Image-text web data:
::::
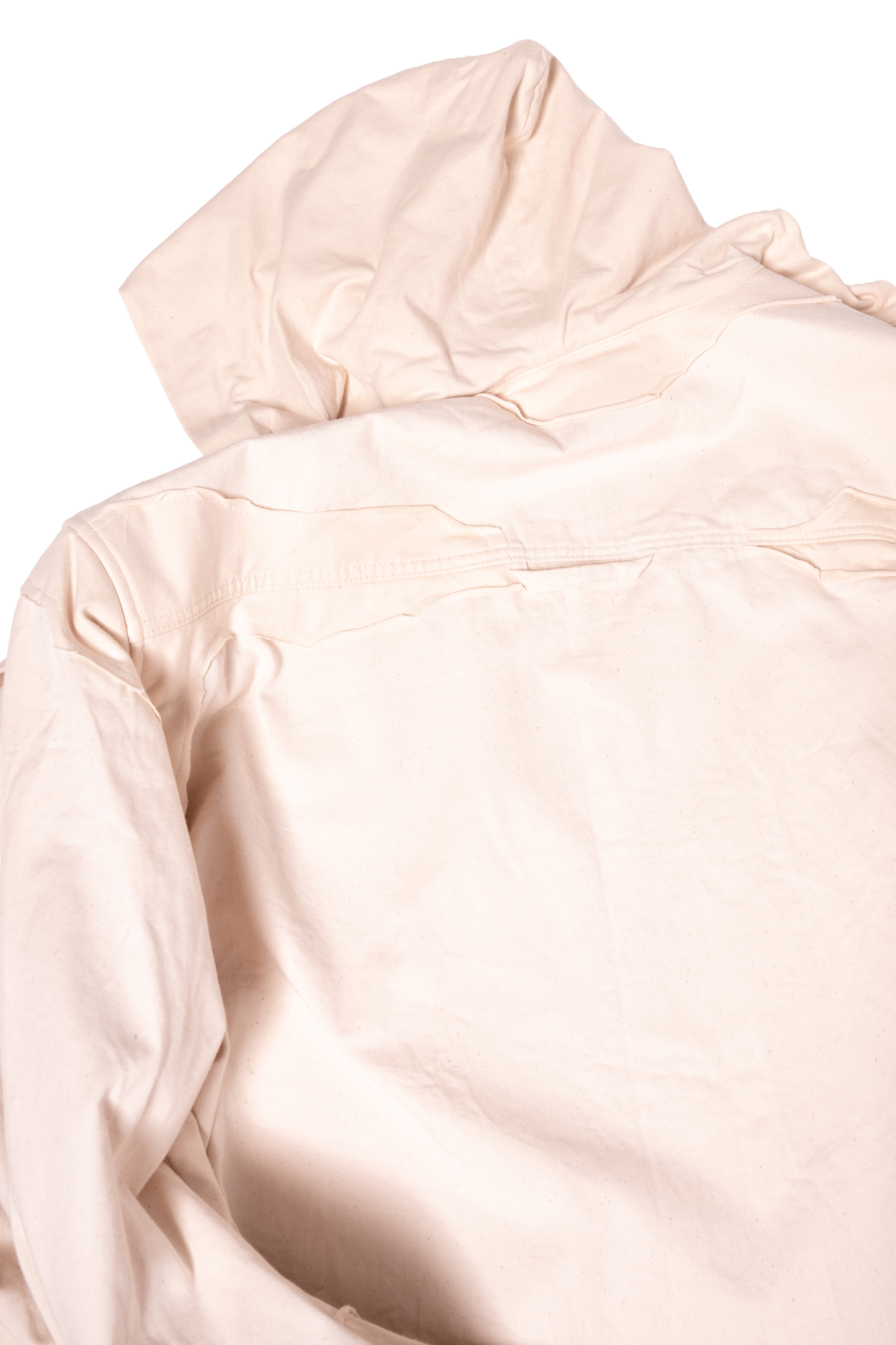 HOODED LAYERED RAW SHIRT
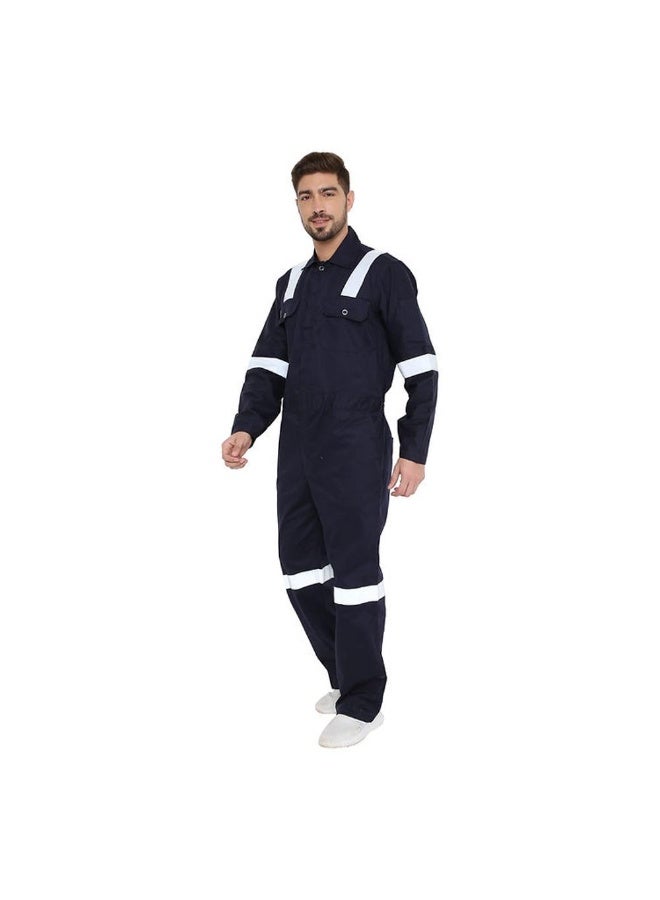 Vaultex Vaultex MUN 250GSM Anti Static Fire Retardant Cotton Coverall, Royal Blue, 2XL  - Image 1
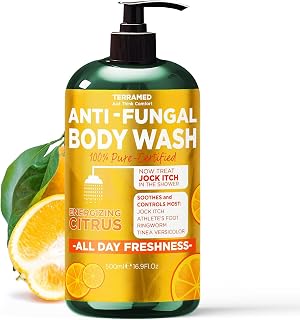 Antifungal Body Wash with Tea Tree Oil & Lemon Oil | 1% Tolnaftate Soap Helps Fight Ringworm, Jock Itch & Athlete’s Foot | Itch & Odor Relief | Medicated Citrus Body Wash for Men & Women | 16.9 oz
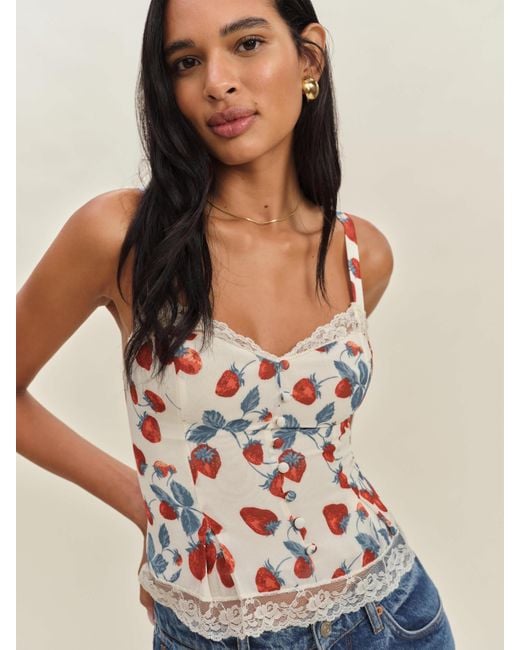Reformation White Lisette Top
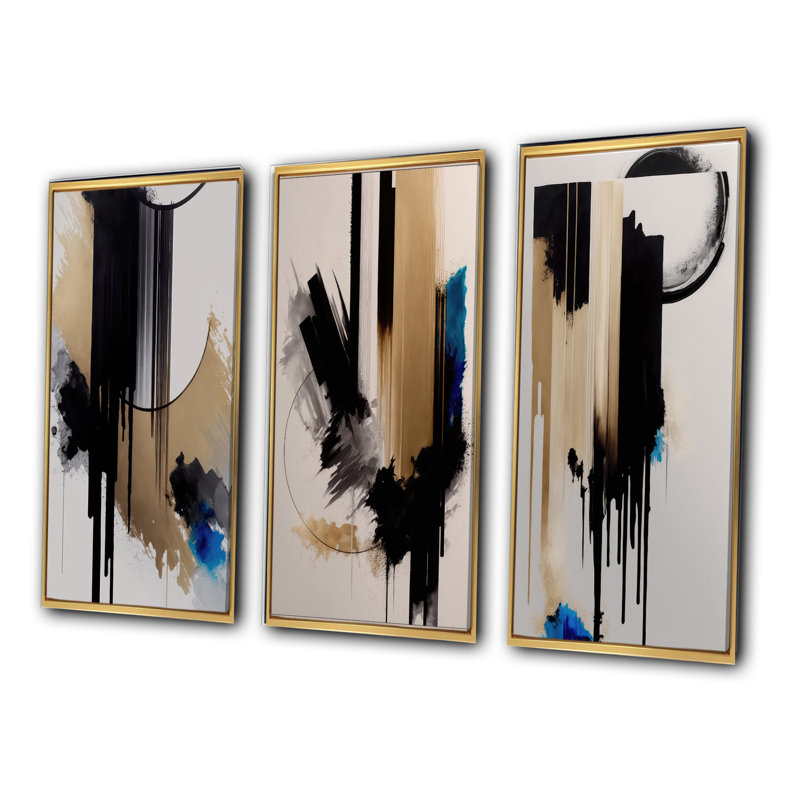 «Blue Minimalist Abstract», 3 pièces sur toile, H 40 po x l 60 po, Or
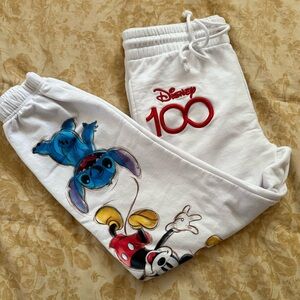 Disney Adult comfy White Joggers Stitch , Mickey, Pooh & tinkerbell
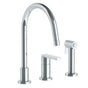 Watermark - Deck Mounted 3 Hole Gooseneck Kitchen Set -  Includes Side Spray - Vintage Copper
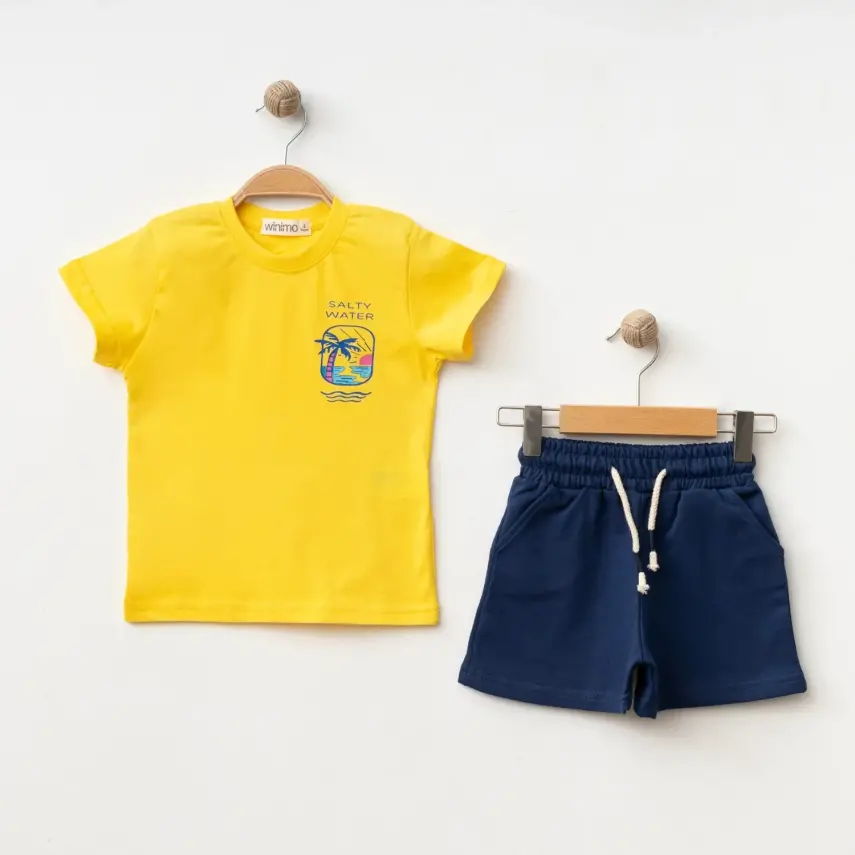 Winimo Salty Water Baskılı 2Li Erkek Çocuk Takım Sarı - 1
::::
§ **Exercise requirements**: Could you repeat every entry above exactly, with each picture omitted?

§ **The answer**:
 HOODED LAYERED RAW SHIRT
 Vaultex Vaultex MUN 250GSM Anti Static Fire Retardant Cotton Coverall, Royal Blue, 2XL  - Image 1
 Antifungal Body Wash with Tea Tree Oil & Lemon Oil | 1% Tolnaftate Soap Helps Fight Ringworm, Jock Itch & Athlete’s Foot | Itch & Odor Relief | Medicated Citrus Body Wash for Men & Women | 16.9 oz
Reformation White Lisette Top
 «Blue Minimalist Abstract», 3 pièces sur toile, H 40 po x l 60 po, Or
 Disney Adult comfy White Joggers Stitch , Mickey, Pooh & tinkerbell
 Watermark - Deck Mounted 3 Hole Gooseneck Kitchen Set -  Includes Side Spray - Vintage Copper
 Winimo Salty Water Baskılı 2Li Erkek Çocuk Takım Sarı - 1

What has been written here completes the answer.